2.6 Warranty.NEOGOV warrants for 90 days from the performance of any Professional Services by NEOGOV
that such Professional Services shall be performed in a professional and workmanlike manner consistent with generally accepted
industry standards.Customer must report in writing any breach of this warranty to NEOGOV during the relevant warranty period,
and Customer's exclusive remedy and NEOGOV's entire liability for any breach of such warranty shall be the reperformance of
the nonconforming Professional Services,or if NEOGOV is unable to perform the Professional Services as warranted,Customer
shall be entitled to a refund of the fees paid to NEOGOV for the nonconforming Professional Services.
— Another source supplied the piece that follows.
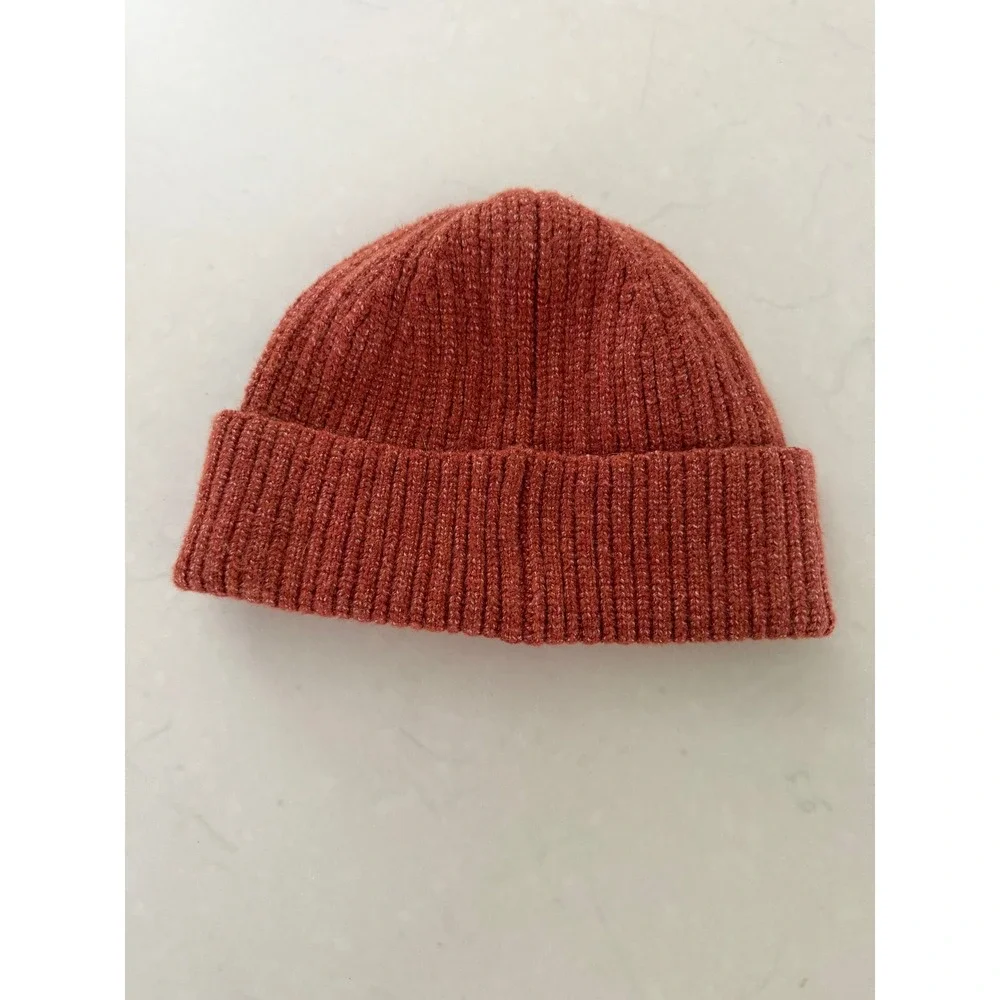 Universal Thread Rust Orange Ribbed Knit Cuffed Beanie Cotton Blend VN1140163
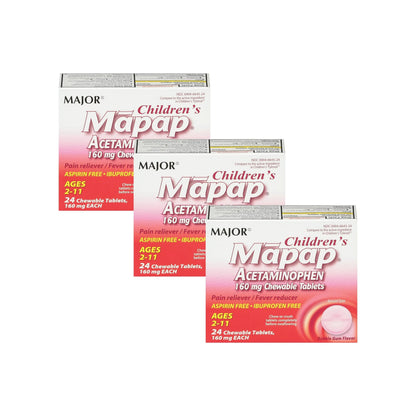 MAJOR Children’s Mapap Acetaminophen 160 mg Chewable Tablets - Pain Reliever/Fever Reducer - Aspirin Free - Ibuprofen Free - for Ages 2 to 11-24 Count (3 Pack) MAJORBuy Supplements Australia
2.7 Acceptance. Customer must notify NEOGOV in writing within ten days of the delivery of the Professional
Services that Customer believes such Professional Services are nonconforming, otherwise such Professional Services will be
deemed to have been accepted by Customer. Customer's exclusive remedy and NEOGOV's entire liability for any nonconformance
of the Professional Services shall be the reperformance of the nonconforming Professional Services,or if NEOGOV is unable to
perform the Professional Services to be conforming,Customer shall be entitled to a refund of the fees paid to NEOGOV for the
nonconforming Professional Services.
3. PAYMENT PROVISIONS.
3.1 Fees. Professional Services shall be provided under this Addendum at the rates set forth in the applicable
Statement of Work or Order Form.
3.2 Payment Type. Unless otherwise stated in an applicable Order Form or Statement of Work,the Professional
Services are provided on a fixed fee basis. Customer shall pay NEOGOV the fees stated in the applicable Statement of Work or
Order Form plus all pre-approved travel and living expenses("Expenses").